_Excerpted records_
*****

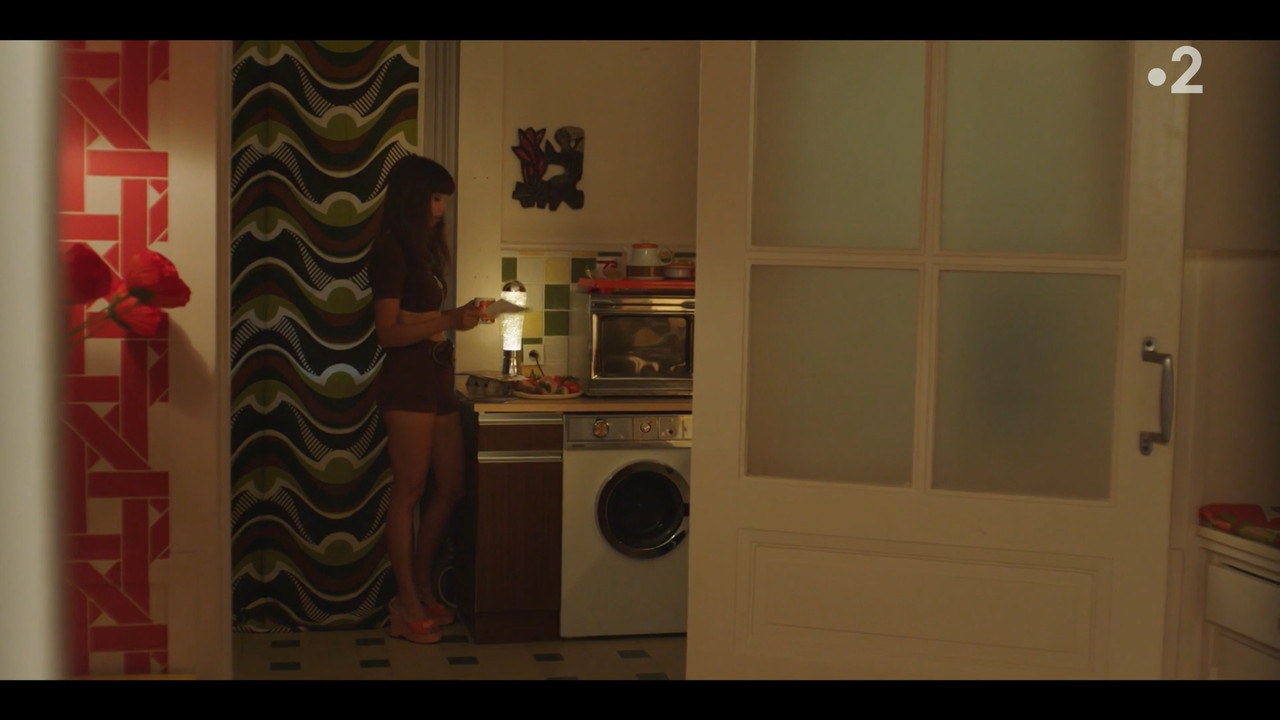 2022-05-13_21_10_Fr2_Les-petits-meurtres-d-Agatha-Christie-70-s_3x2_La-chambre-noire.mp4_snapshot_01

*****

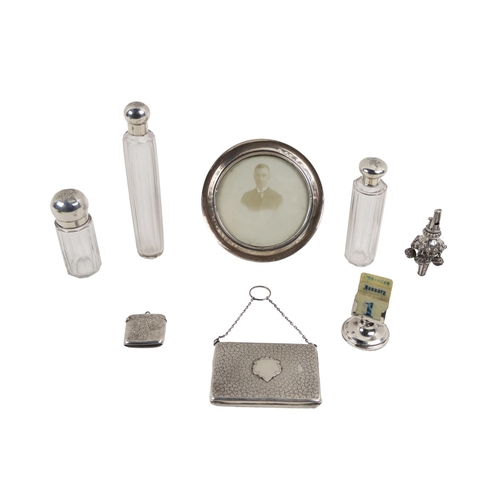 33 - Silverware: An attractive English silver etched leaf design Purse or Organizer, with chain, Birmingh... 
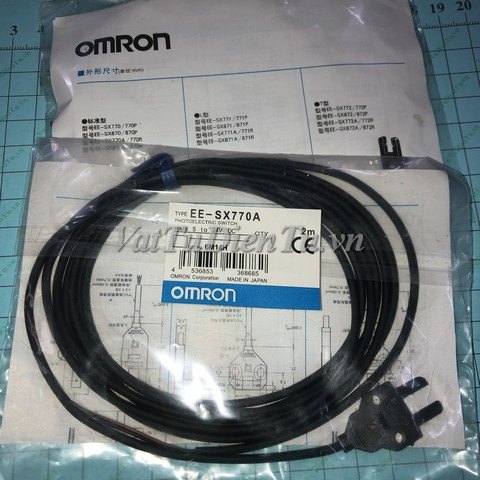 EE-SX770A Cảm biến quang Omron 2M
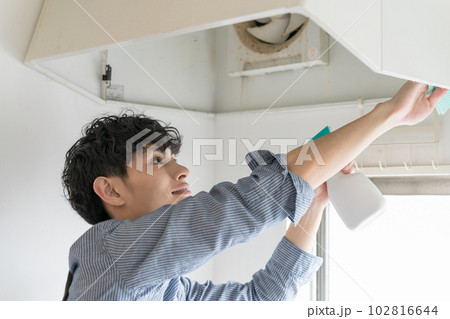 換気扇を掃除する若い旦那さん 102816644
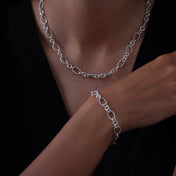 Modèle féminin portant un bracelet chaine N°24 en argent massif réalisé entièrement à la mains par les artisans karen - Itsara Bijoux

*****

_What is required_
Write out word for word the lines above that run from the one with "EE-SX770A Cảm biến quang Omron 2M" to the one with "Modèle féminin portant". Include both end lines; exclude the images.

_Final answer_
 EE-SX770A Cảm biến quang Omron 2M
 換気扇を掃除する若い旦那さん 102816644
 Modèle féminin portant un bracelet chaine N°24 en argent massif réalisé entièrement à la mains par les artisans karen - Itsara Bijoux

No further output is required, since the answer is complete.